Leave the pictures behind and repeat all the entries exactly.
---------- PROVIDED MATERIAL
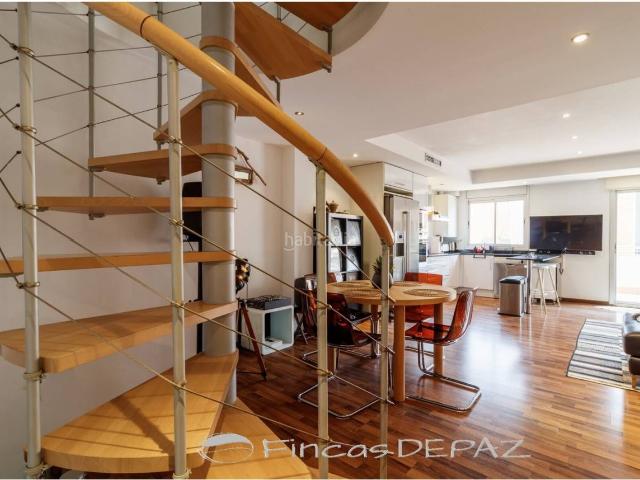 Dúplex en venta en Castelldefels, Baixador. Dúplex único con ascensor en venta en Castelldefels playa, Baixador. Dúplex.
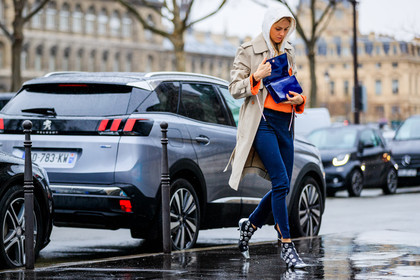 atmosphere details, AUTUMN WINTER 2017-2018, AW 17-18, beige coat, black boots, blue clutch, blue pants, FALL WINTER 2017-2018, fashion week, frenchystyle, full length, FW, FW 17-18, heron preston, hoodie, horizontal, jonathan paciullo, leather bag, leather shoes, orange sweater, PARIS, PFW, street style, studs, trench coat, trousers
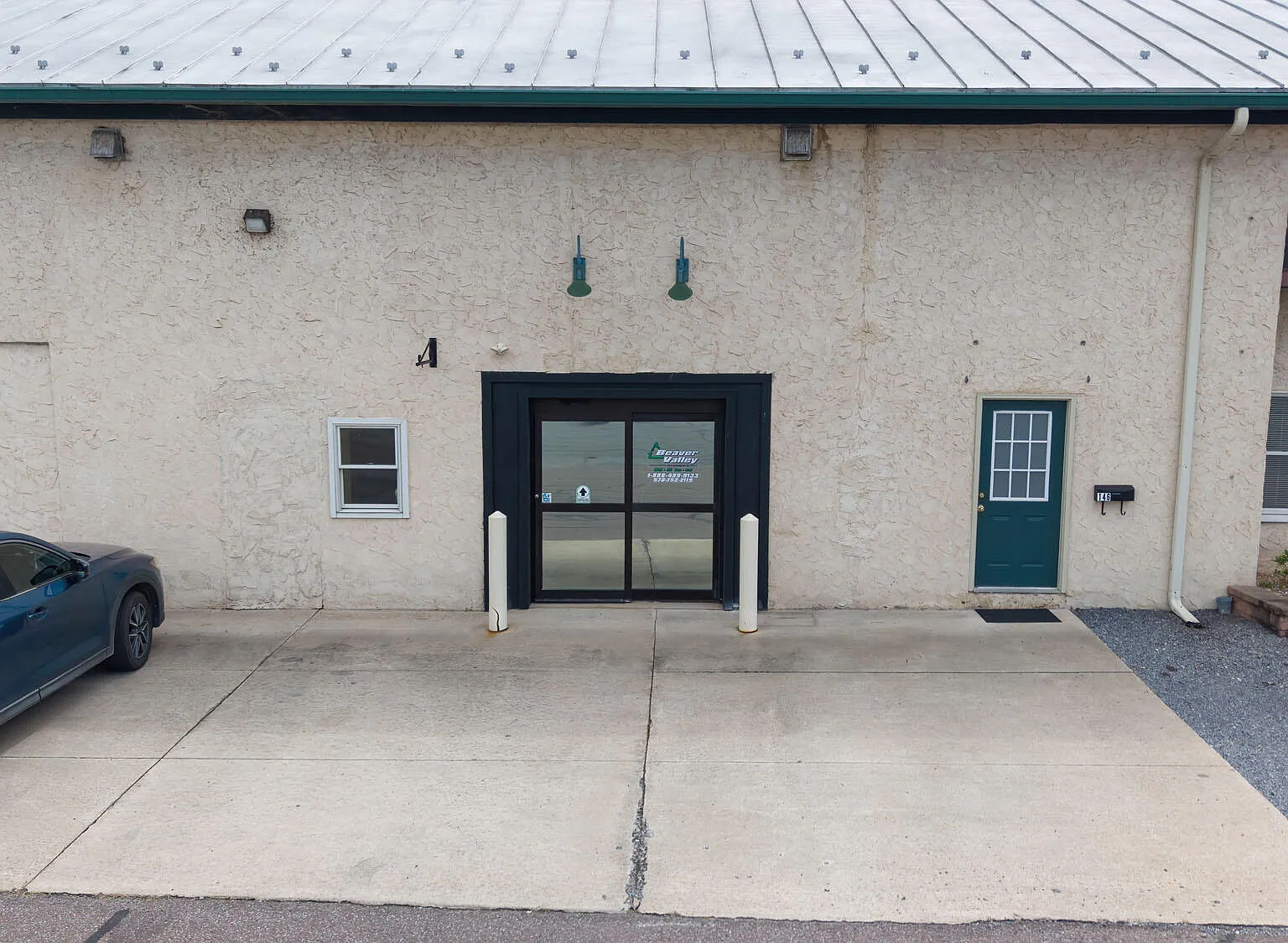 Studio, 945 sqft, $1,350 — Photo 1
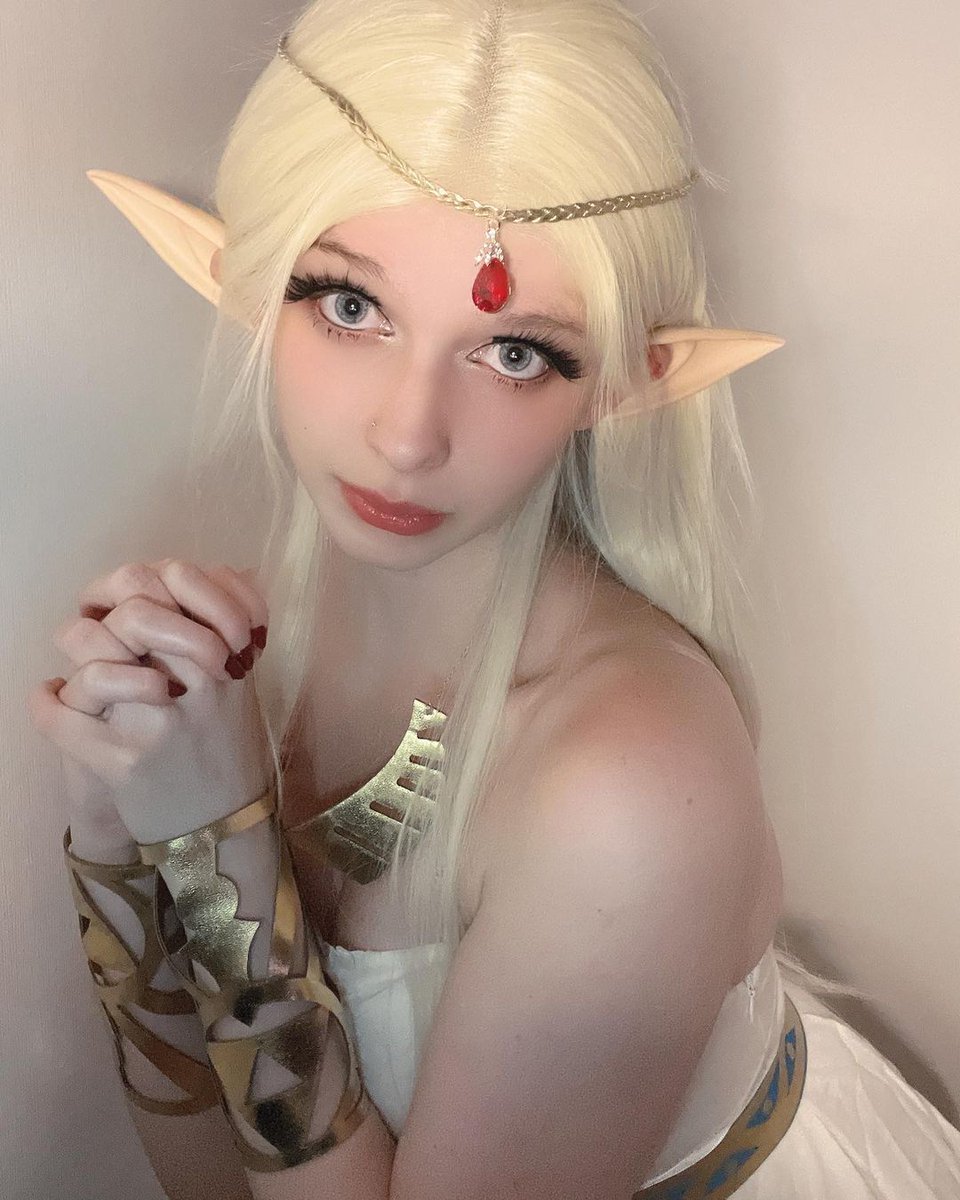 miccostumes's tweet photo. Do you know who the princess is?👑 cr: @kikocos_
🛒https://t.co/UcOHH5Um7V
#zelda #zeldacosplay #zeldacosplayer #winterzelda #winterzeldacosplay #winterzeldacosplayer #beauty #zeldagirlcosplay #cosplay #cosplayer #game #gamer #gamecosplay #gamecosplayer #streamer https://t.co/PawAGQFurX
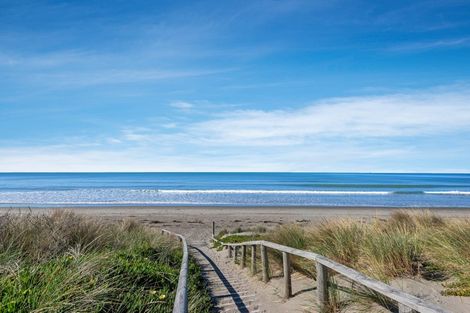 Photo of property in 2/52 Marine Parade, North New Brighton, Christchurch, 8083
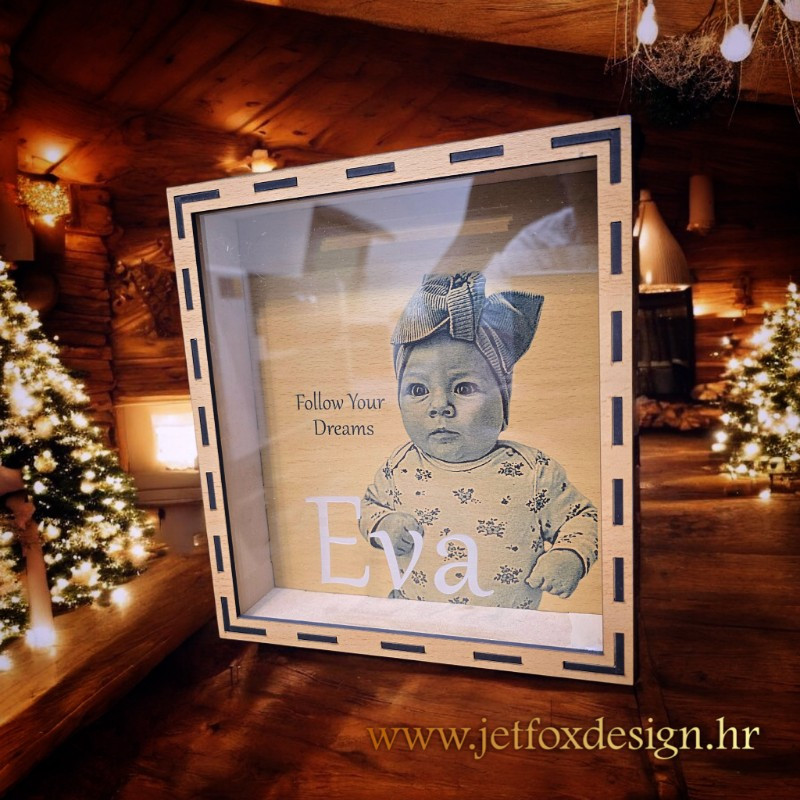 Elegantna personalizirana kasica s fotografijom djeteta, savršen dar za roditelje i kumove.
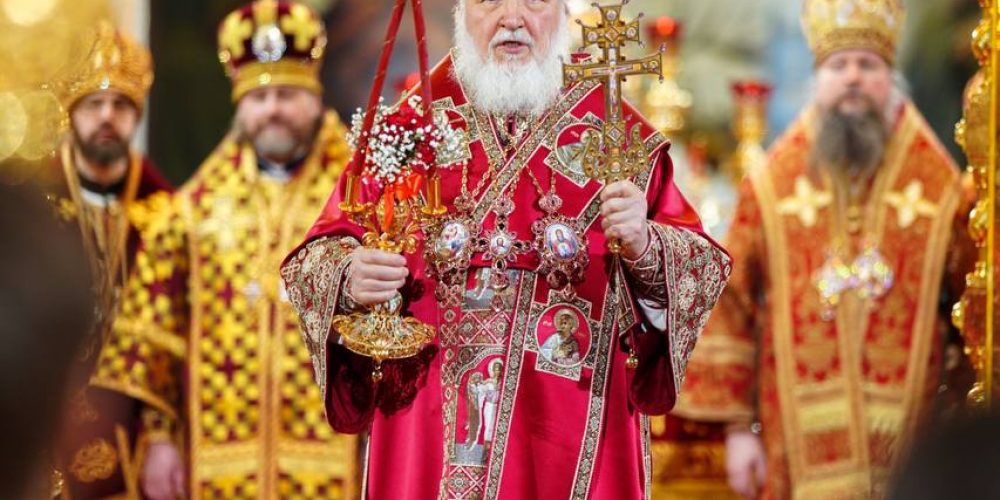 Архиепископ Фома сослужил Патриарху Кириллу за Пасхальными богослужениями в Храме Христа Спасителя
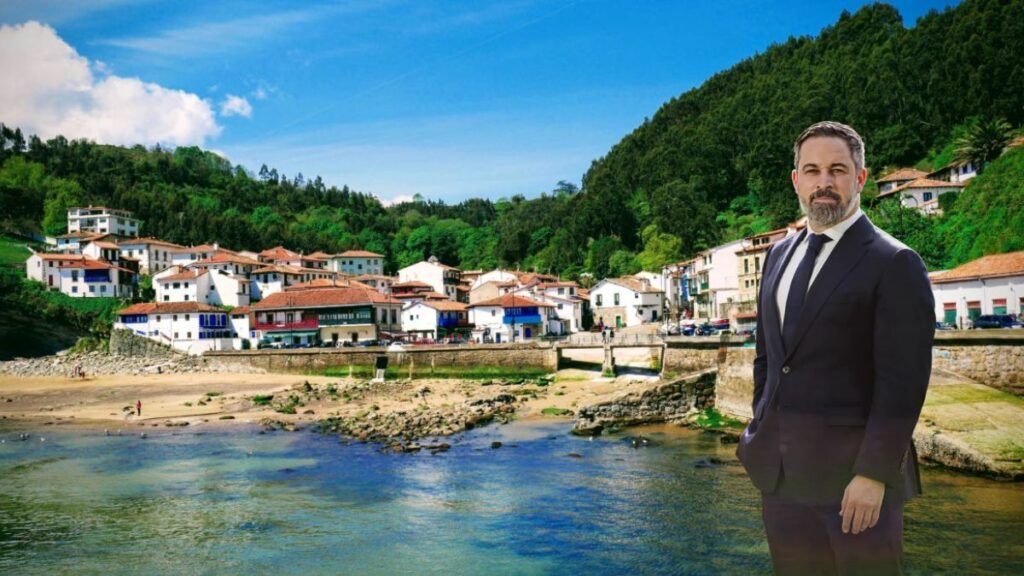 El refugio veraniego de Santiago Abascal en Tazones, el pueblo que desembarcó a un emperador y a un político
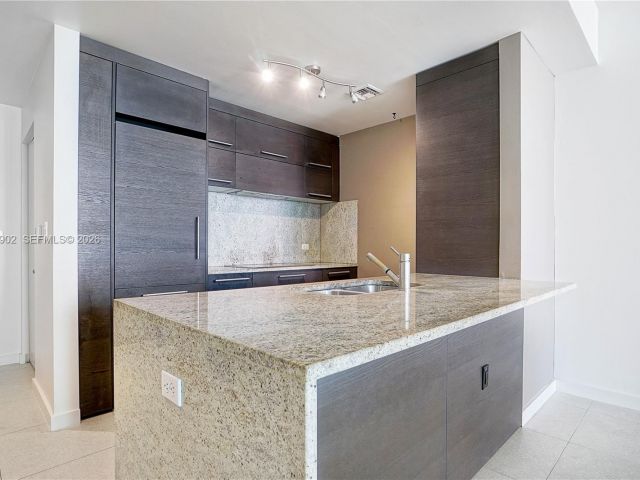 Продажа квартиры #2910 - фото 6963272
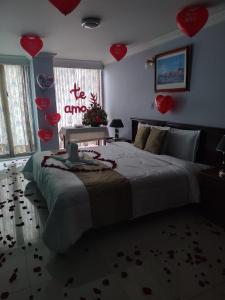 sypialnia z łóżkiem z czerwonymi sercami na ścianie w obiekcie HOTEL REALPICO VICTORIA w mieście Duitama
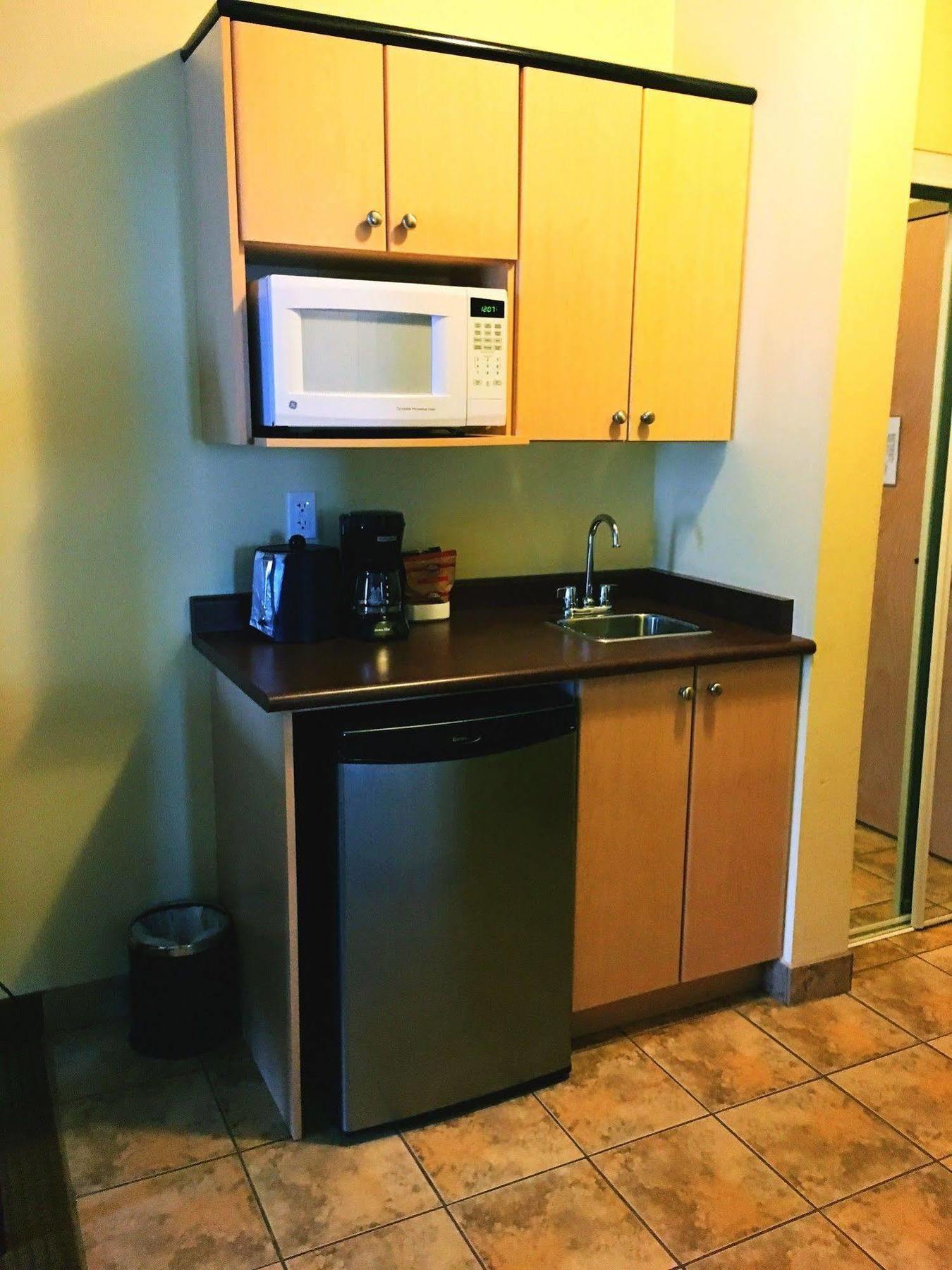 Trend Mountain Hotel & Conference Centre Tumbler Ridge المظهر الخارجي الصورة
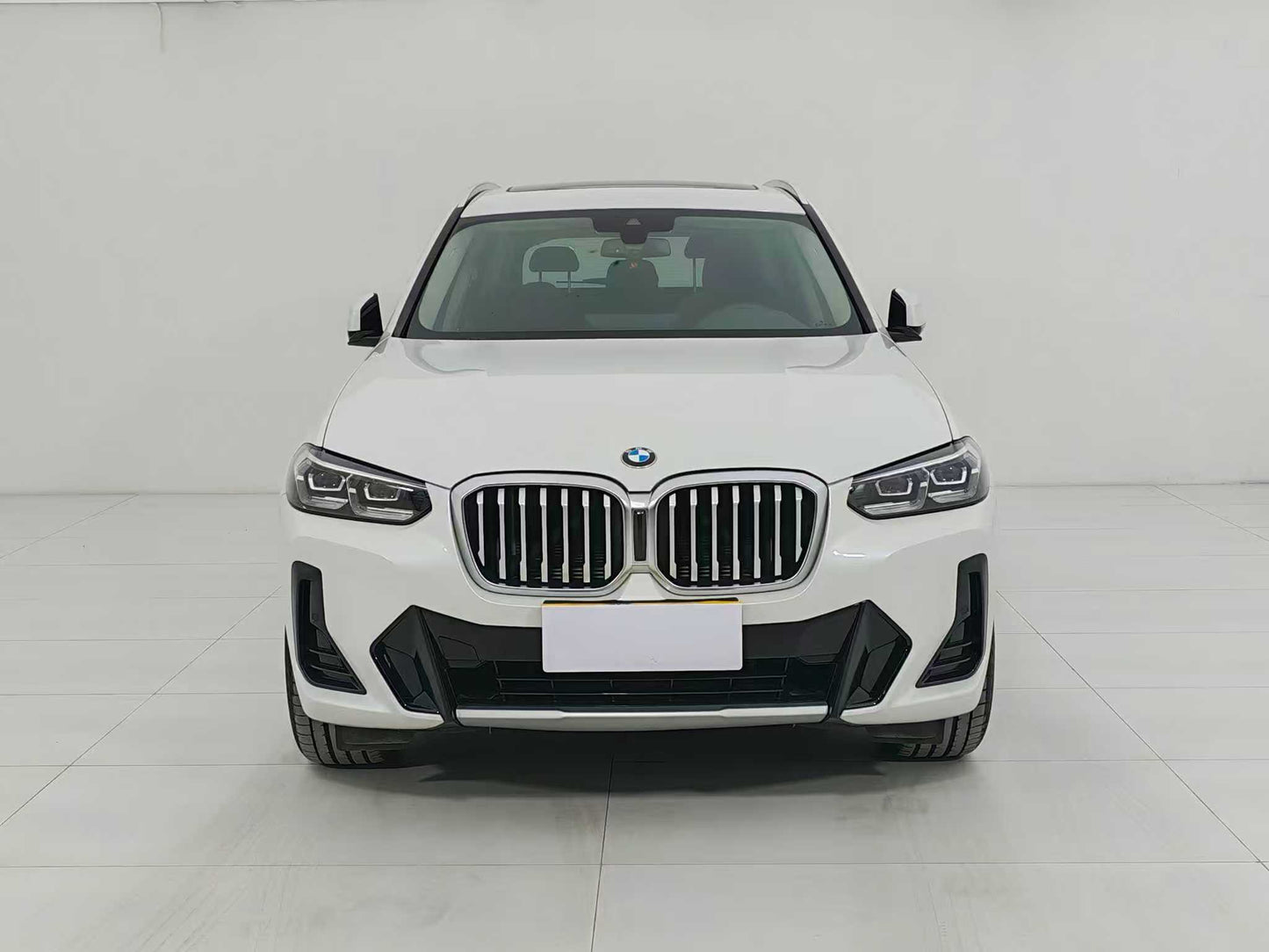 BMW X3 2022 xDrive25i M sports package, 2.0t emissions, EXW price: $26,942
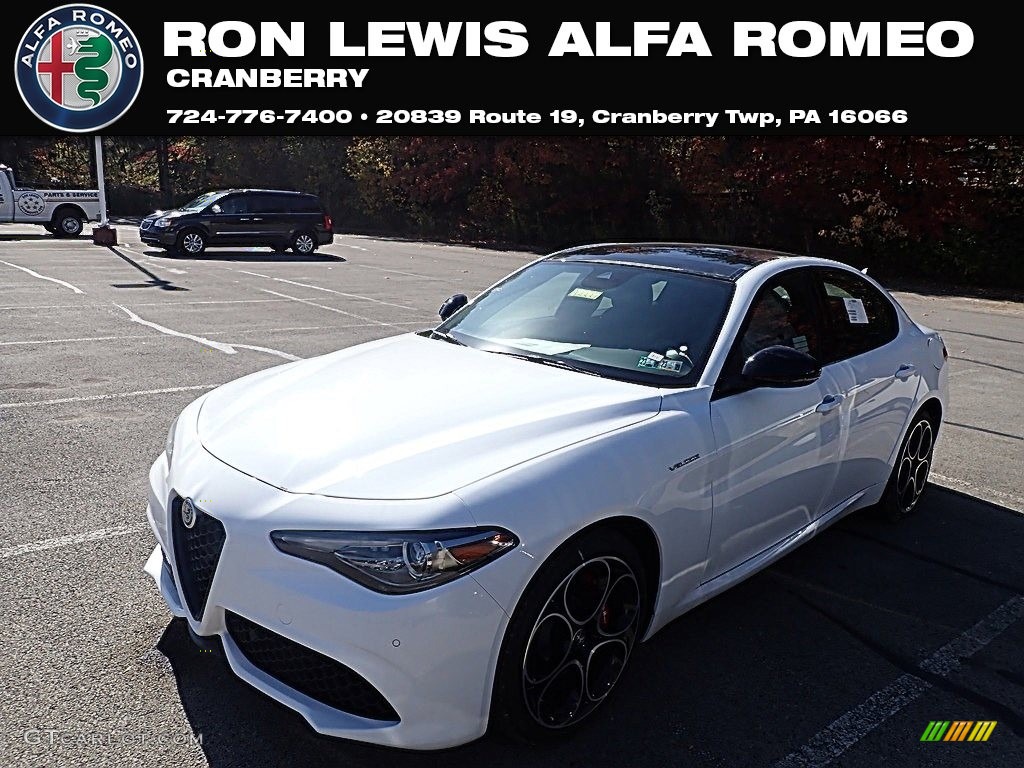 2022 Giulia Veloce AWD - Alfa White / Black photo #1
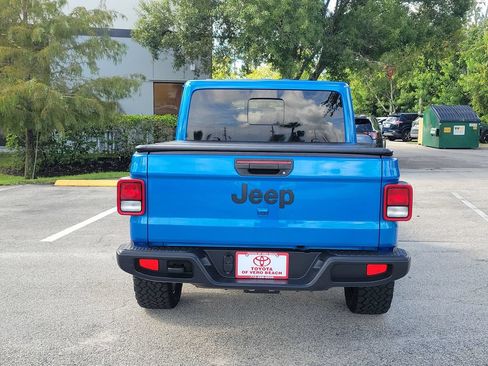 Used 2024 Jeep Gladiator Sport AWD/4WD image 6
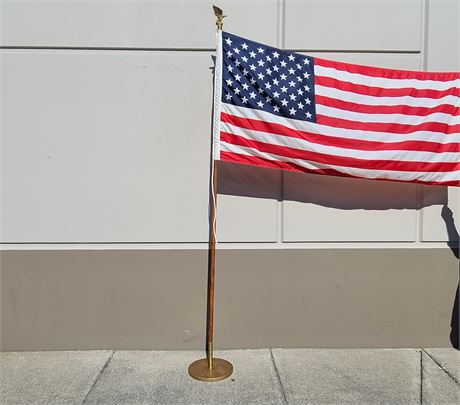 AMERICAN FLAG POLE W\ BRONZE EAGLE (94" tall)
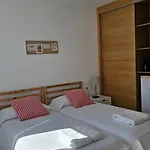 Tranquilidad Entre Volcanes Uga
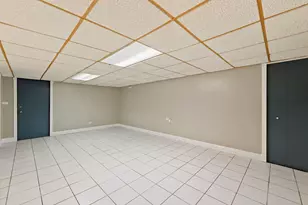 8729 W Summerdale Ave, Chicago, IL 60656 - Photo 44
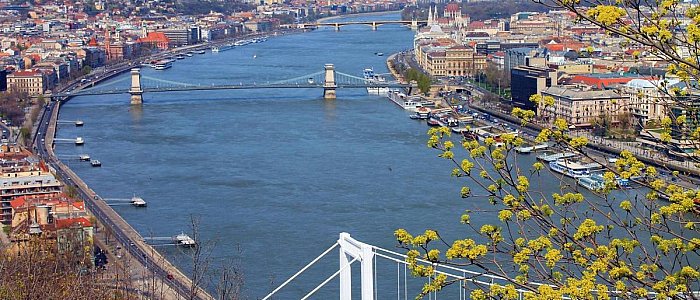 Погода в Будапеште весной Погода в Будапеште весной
--------------------
### ANSWER SECTION
 Dúplex en venta en Castelldefels, Baixador. Dúplex único con ascensor en venta en Castelldefels playa, Baixador. Dúplex.
 atmosphere details, AUTUMN WINTER 2017-2018, AW 17-18, beige coat, black boots, blue clutch, blue pants, FALL WINTER 2017-2018, fashion week, frenchystyle, full length, FW, FW 17-18, heron preston, hoodie, horizontal, jonathan paciullo, leather bag, leather shoes, orange sweater, PARIS, PFW, street style, studs, trench coat, trousers
 Studio, 945 sqft, $1,350 — Photo 1
 miccostumes's tweet photo. Do you know who the princess is?👑 cr: @kikocos_
🛒https://t.co/UcOHH5Um7V
#zelda #zeldacosplay #zeldacosplayer #winterzelda #winterzeldacosplay #winterzeldacosplayer #beauty #zeldagirlcosplay #cosplay #cosplayer #game #gamer #gamecosplay #gamecosplayer #streamer https://t.co/PawAGQFurX
 Photo of property in 2/52 Marine Parade, North New Brighton, Christchurch, 8083
 Elegantna personalizirana kasica s fotografijom djeteta, savršen dar za roditelje i kumove.
 Архиепископ Фома сослужил Патриарху Кириллу за Пасхальными богослужениями в Храме Христа Спасителя
 El refugio veraniego de Santiago Abascal en Tazones, el pueblo que desembarcó a un emperador y a un político
 Продажа квартиры #2910 - фото 6963272
 sypialnia z łóżkiem z czerwonymi sercami na ścianie w obiekcie HOTEL REALPICO VICTORIA w mieście Duitama
 Trend Mountain Hotel & Conference Centre Tumbler Ridge المظهر الخارجي الصورة
 BMW X3 2022 xDrive25i M sports package, 2.0t emissions, EXW price: $26,942
 2022 Giulia Veloce AWD - Alfa White / Black photo #1
 Used 2024 Jeep Gladiator Sport AWD/4WD image 6
 AMERICAN FLAG POLE W\ BRONZE EAGLE (94" tall)
 Tranquilidad Entre Volcanes Uga
 8729 W Summerdale Ave, Chicago, IL 60656 - Photo 44
 Погода в Будапеште весной Погода в Будапеште весной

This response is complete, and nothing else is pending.